### What to work on
The answer is a stretch of the material below, returned exactly: the line containing "What's up everybody?", the line containing "New shape Clio", and all lines between.

### Records for this exercise
▼
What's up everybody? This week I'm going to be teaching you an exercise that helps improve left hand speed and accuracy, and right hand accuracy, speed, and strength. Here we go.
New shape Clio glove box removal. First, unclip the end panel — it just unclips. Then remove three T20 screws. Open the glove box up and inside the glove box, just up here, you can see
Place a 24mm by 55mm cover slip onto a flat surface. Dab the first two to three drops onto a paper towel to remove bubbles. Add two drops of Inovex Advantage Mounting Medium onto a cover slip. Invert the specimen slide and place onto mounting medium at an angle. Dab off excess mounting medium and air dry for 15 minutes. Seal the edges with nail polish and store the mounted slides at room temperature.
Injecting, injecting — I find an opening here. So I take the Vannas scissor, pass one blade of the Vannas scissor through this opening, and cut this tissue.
▲
▼
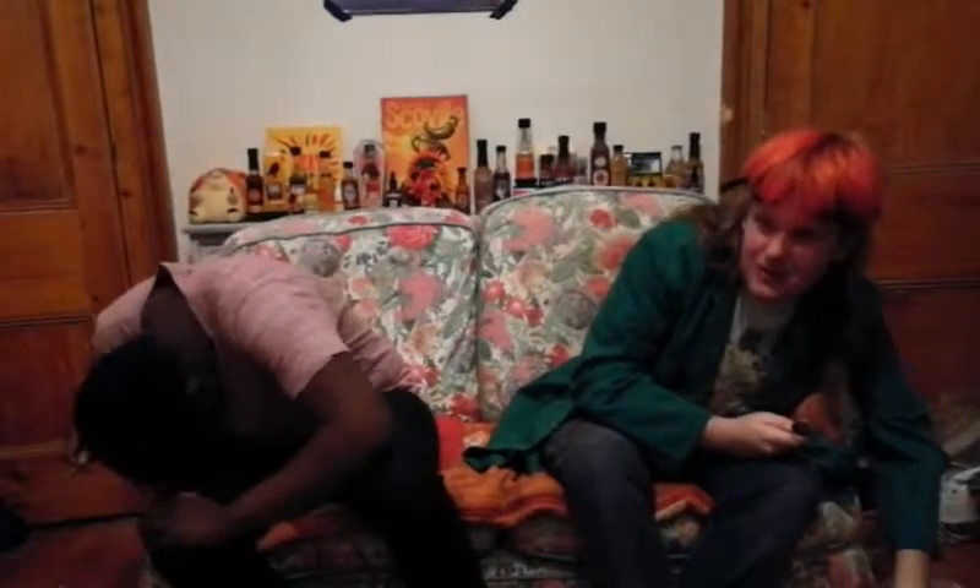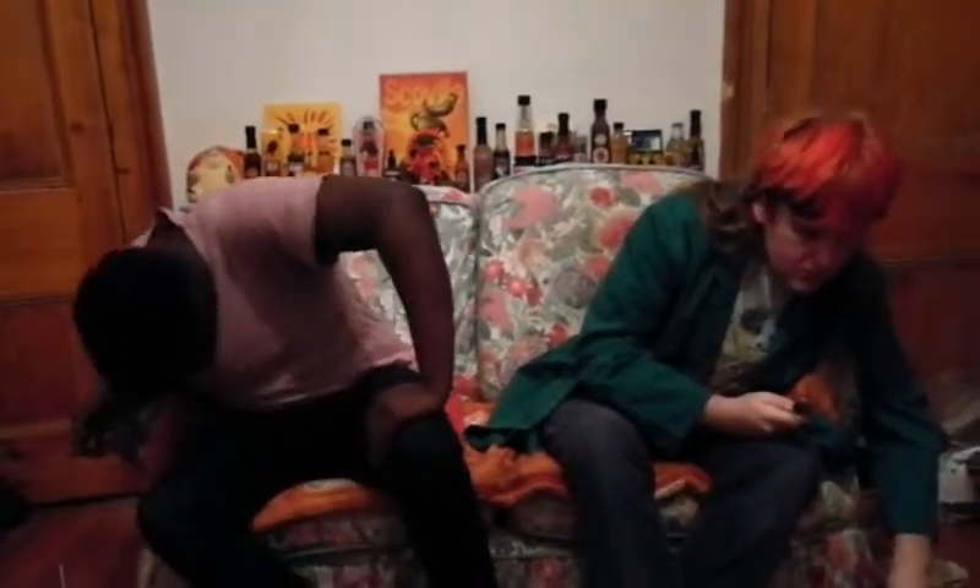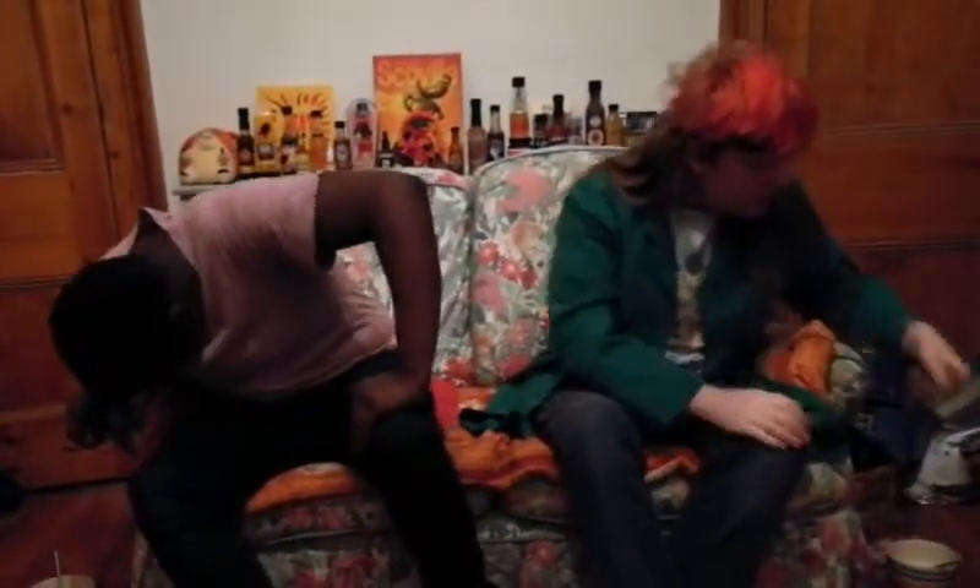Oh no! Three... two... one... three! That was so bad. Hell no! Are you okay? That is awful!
▲
▼
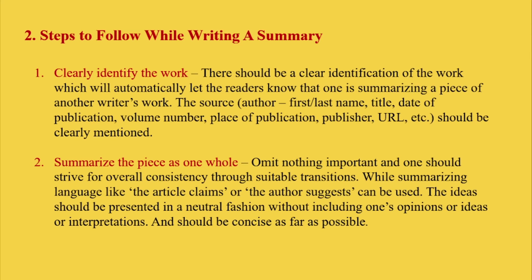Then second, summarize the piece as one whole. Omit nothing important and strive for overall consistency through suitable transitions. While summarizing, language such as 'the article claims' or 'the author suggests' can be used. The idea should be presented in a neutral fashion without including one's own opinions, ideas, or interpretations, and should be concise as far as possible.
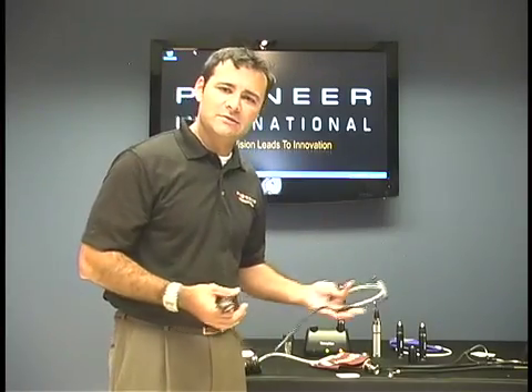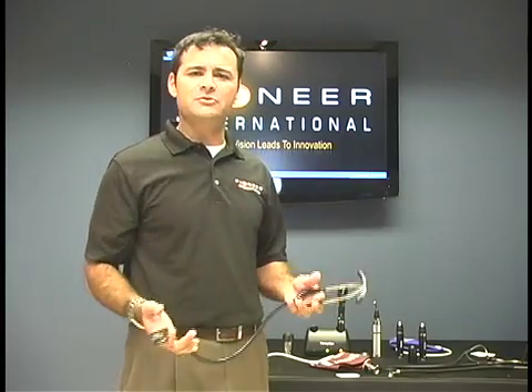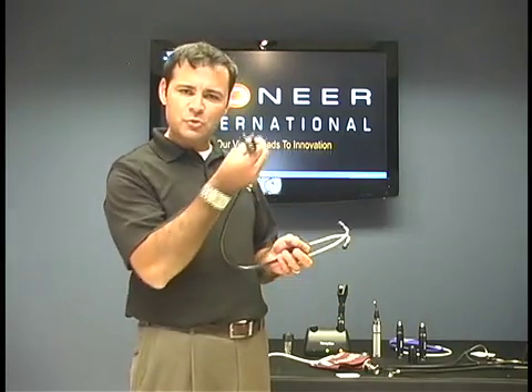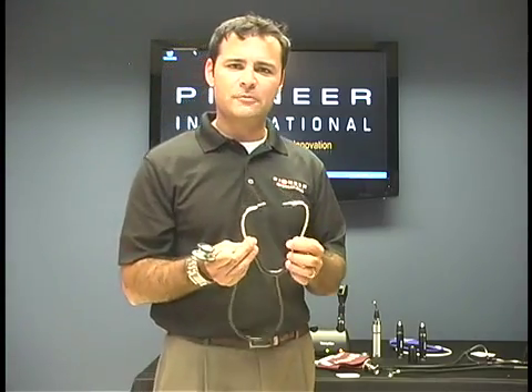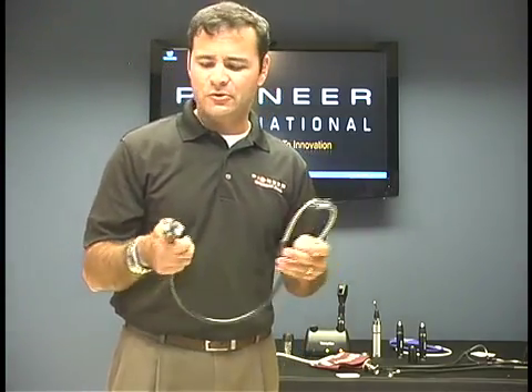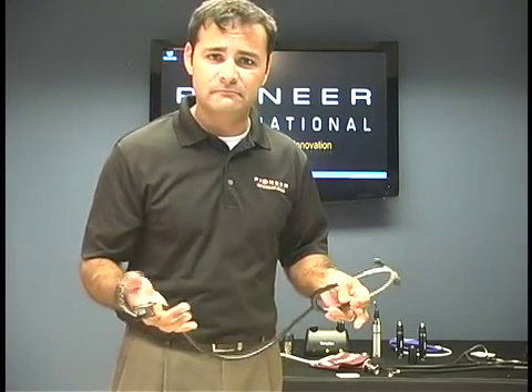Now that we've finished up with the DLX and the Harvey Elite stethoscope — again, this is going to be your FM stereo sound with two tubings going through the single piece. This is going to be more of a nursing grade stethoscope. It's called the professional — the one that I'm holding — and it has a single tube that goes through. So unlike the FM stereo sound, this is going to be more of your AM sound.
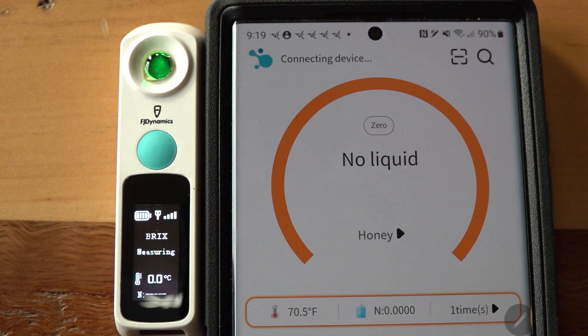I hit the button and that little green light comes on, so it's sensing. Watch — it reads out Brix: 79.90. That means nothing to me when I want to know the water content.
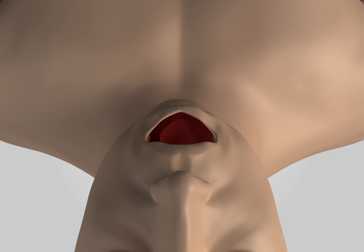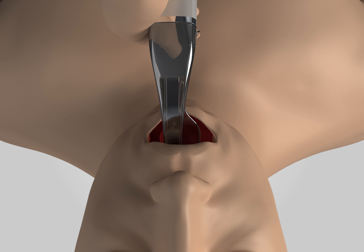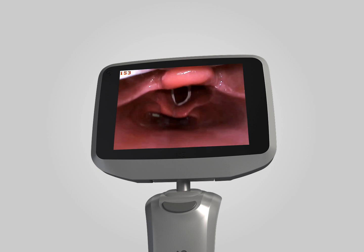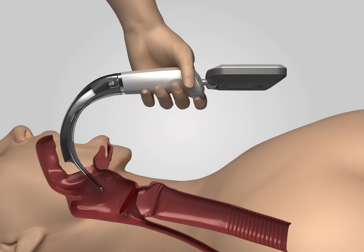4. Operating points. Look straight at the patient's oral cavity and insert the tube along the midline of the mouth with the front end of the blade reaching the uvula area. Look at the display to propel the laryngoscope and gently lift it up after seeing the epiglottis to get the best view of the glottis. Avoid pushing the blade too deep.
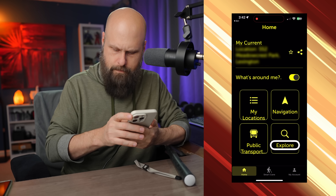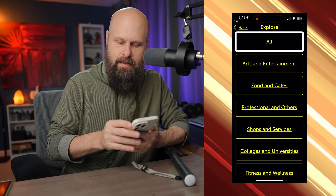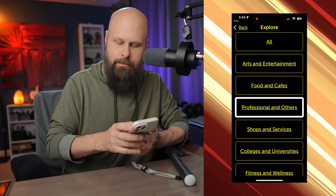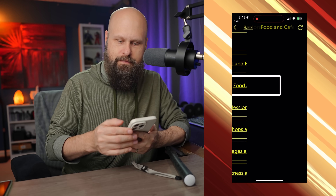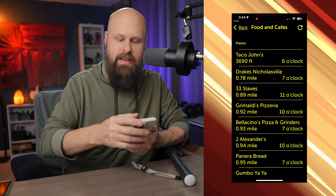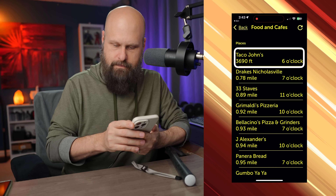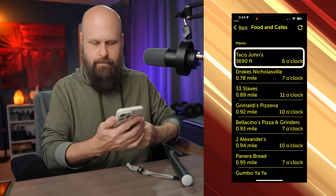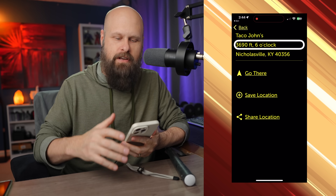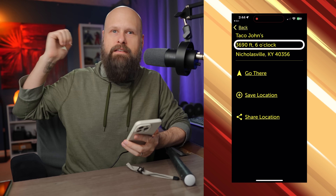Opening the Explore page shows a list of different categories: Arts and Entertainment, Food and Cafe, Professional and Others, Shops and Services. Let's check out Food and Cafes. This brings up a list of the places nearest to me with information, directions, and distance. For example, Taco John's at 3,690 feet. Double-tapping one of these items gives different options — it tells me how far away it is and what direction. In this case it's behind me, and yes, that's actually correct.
▲
### Answer section
What's up everybody? This week I'm going to be teaching you an exercise that helps improve left hand speed and accuracy, and right hand accuracy, speed, and strength. Here we go.
New shape Clio glove box removal. First, unclip the end panel — it just unclips. Then remove three T20 screws. Open the glove box up and inside the glove box, just up here, you can see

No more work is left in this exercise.